(TASK PROMPT):
Among the records below, find each line bearing the word "sale" and copy it.

(Web page caption snippets):
----
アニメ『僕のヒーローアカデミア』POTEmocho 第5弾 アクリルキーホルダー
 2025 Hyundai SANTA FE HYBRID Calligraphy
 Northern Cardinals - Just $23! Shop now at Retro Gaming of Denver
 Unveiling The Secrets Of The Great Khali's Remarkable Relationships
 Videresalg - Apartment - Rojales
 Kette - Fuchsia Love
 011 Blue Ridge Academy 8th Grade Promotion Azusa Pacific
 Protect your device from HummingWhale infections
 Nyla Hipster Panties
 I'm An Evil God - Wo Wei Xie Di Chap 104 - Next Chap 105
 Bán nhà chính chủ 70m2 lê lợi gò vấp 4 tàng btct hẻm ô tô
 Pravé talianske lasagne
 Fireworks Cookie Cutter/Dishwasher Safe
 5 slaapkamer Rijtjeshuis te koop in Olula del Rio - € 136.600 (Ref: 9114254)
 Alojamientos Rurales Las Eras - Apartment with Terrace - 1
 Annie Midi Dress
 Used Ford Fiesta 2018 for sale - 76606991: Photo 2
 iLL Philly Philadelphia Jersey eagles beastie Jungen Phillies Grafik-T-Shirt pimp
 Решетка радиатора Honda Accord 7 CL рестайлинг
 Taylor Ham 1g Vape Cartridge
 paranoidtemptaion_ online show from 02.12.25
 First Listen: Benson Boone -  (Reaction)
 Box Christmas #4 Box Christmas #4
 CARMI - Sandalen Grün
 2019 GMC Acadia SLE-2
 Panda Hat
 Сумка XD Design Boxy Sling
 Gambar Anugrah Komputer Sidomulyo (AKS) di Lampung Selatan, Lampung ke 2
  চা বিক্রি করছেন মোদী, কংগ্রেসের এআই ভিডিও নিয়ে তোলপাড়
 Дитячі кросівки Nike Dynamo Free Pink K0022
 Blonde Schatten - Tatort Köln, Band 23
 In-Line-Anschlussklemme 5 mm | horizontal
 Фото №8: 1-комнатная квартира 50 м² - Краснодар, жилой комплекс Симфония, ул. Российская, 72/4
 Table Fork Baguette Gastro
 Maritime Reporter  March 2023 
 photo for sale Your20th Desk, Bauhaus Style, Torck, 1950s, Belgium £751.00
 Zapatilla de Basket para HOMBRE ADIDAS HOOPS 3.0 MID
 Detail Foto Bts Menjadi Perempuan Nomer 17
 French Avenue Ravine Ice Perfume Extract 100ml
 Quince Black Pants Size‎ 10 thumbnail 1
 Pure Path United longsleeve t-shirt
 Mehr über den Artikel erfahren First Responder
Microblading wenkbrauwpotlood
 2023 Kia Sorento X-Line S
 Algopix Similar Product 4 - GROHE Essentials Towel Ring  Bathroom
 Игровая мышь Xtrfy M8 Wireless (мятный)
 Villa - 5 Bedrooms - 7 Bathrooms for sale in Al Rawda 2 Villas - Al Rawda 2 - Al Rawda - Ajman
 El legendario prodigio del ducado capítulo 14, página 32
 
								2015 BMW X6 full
----
(RESULT FOR THIS TASK):
 Used Ford Fiesta 2018 for sale - 76606991: Photo 2
 photo for sale Your20th Desk, Bauhaus Style, Torck, 1950s, Belgium £751.00
 Villa - 5 Bedrooms - 7 Bathrooms for sale in Al Rawda 2 Villas - Al Rawda 2 - Al Rawda - Ajman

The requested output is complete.